Mulai dari pembentukan Budi Utomo 1908, Sumpah Pemuda 1928, sampai Revolusi Agustus 1945.
Bahkan dalam sejarah Indonesia pasca kemerdekaan, para pemuda ikut andil dalam peristiwa pengunduran diri Soeharto sebagai presiden, Reformasi 1998. Artinya konsep pemuda selalu identik dengan perubahan, kebaruan dan kemajuan. Sehingga ia bukan sebuah konsep yang hanya terbatas pada kategori “umur”, namun lebih sebagai sebuah konsep yang bertaut dengan “sikap” dan “mentalitas”.
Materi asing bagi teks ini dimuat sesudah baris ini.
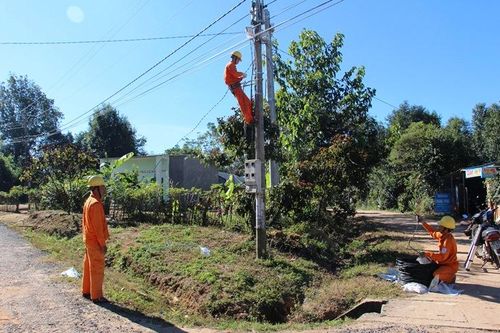 Chiếu sáng hơn 4,1 km đường quê ở Kon Tum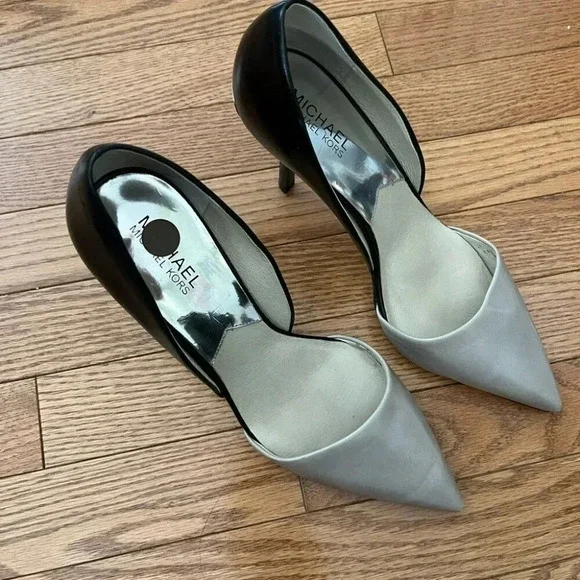 [10M] Michael Kors JULIETA D'ORSAY Pearl Grey  & Black Leather Pumps Stiletto - Picture 3 of 10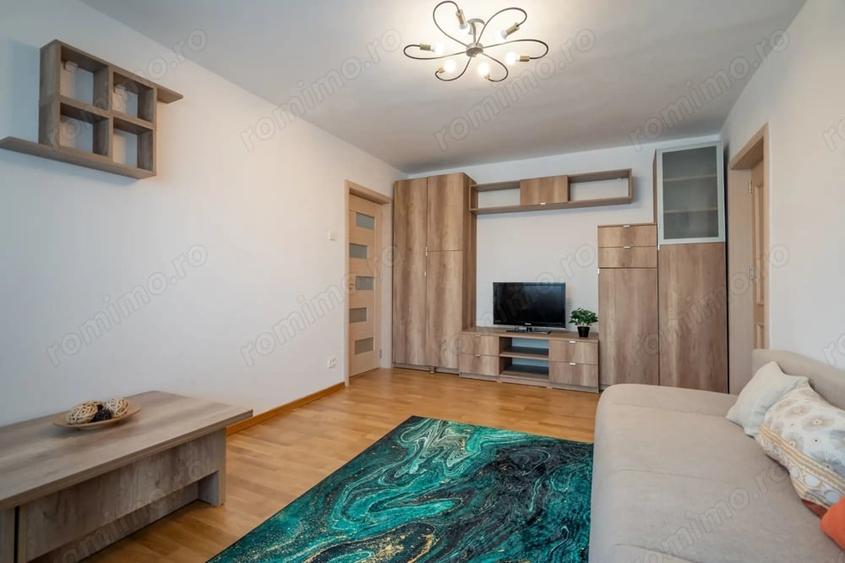 Apartament cu 2 camere semidecomandat în Turda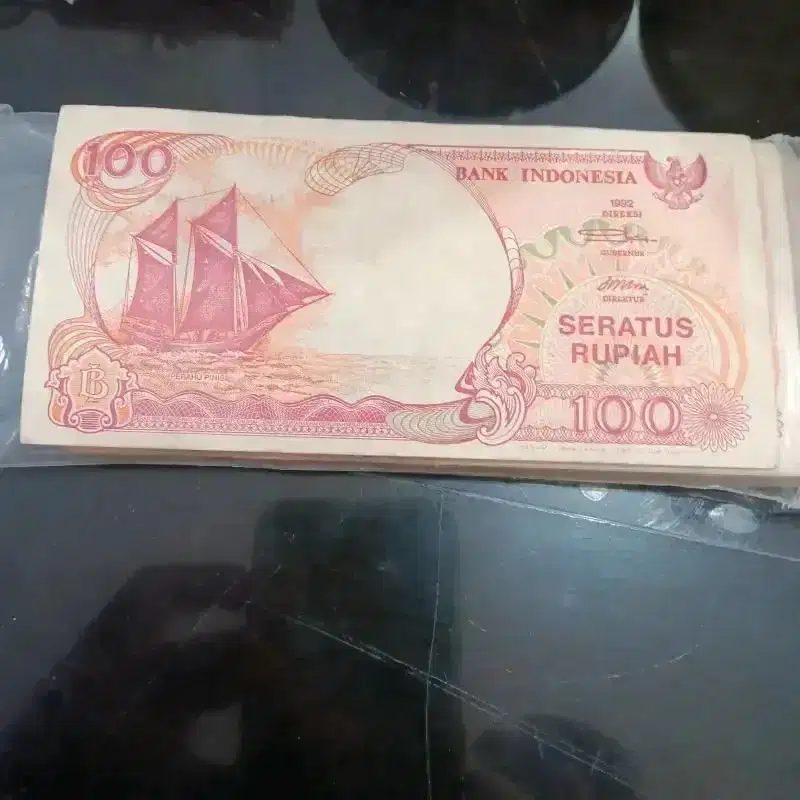 Uang kertas 100  rupiah  perahu tahun 1992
Namun, apabila kita berbicara tentang politik saat ini, yang hadir di benak kita ialah mengalirnya segelontor dana dan upaya merebut kursi kekuasaan. Sehingga ketika kekuasaan itu mulai dijalankan, ia gaduh dengan pertikaian, terutama soal berebut sumber dana dan kalkulasi kursi kekuasaan.

Kerakusan pun justru dirayakan dan jual beli kekuasaan menjadi ritual tahunan. Demokrasi menjadi semacam “pasar loak” di mana transaksi dan pertukaran antara uang, kekuasaan serta jabatan menjadi habitat yang wajar.

Wajah kekuasaan pun tak lebih semacam “komedi putar”, yang hanya dipenuhi oleh mereka yang pandai berseni peran. Bahkan sirkulasi kekuasaan menjadi semacam permainan “tong setan”, yang hanya menampilkan wajah-wajah politisi yang membosankan (Lu lagi, Lu lagi). Wajah-wajah politisi tua masih saja terus mendominasi panggung politik negeri ini.

Hal ini senada dengan beberapa hasil survei terkini, di mana figur politisi tua masih memiliki popularitas, bahkan elektabilitas yang cukup tinggi. Kemunculan beberapa nama lama seperti Aburizal Bakrie, Jusuf Kalla, Hatta Rajasa, Wiranto, Megawati Soekarnoputri, sampai Prabowo Subianto memperlihatkan tokoh-tokoh tua masih sangat dominan dalam dunia perpolitikan kita saat ini.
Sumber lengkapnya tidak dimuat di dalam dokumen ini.